While nobody could question the UNP decision-makers' right to launch measures in the Government's interest, an equal zeal, we hope, would be shown by them and the State authorities in raising public awareness on the current peace effort in particular and the issues raised by it. The peace process could be one among several major casualties if the current confrontation between the Government and the opposition continues but, on account of its weighty nature, the peace process needs to be separated from the rest of the issues and subjected to a special awareness-raising program.
By saying this, we are not intimating to the State that it should engage in wasteful, resource-gobbling, propagandizing efforts on the lines of the often clownish "Tawalama's", which at one time paraded on some roads of the country. No, conscientizing efforts on the peace process needn't take on these moronic forms, which we are told, only helped to swell some purses and pockets.
All that needs to be done is for Government leaders and allied MPs and other connected personnel to address the people more and more on the importance of the peace process and on the need to protect it.
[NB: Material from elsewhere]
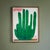 Keep Your Ass Away from the Cactus' by David Shrigley, 2020 Screenprint in Colours on Wove, signed and numbered from the...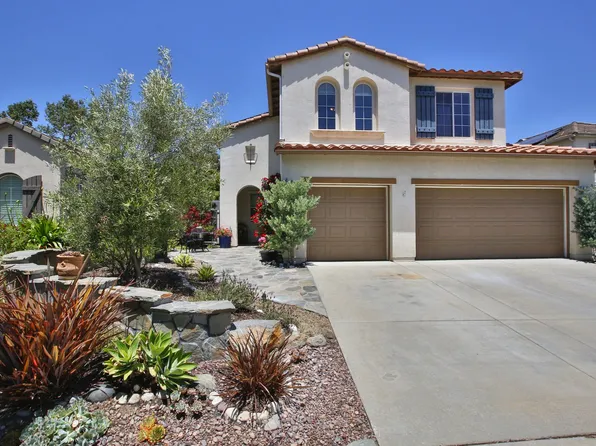 4951 Via Aurora, Thousand Oaks, CA 91320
Simple arrangements, such as pocket meetings in public places would suffice. Through such contacts with the people, the authorities would be also in a position to ascertain the views of the people on the peace process and connected issues. Fora, such as seminars, panel discussions and the like could also be considered for this purpose.
However, awareness-raising of this nature shouldn't be considered a responsibility for only the Government. We wonder why pro-peace civil society organisations and NGOs, for instance, are somewhat inarticulate on these questions upto now. In fact the present moment is highly opportune for these groups to get their act together in mobilizing public opinion in favour of the peace process. This is a golden opportunity for these groups to come into their own, which these organizations are running the risk of losing.
Evil prospers, it is said, when good women and men remain silent. Would this scenario be to the liking of those who would like to see a just peace dawn on our land? Let not the opportunity for remoulding Lanka on the lines of a multi-ethnic democracy be squandered.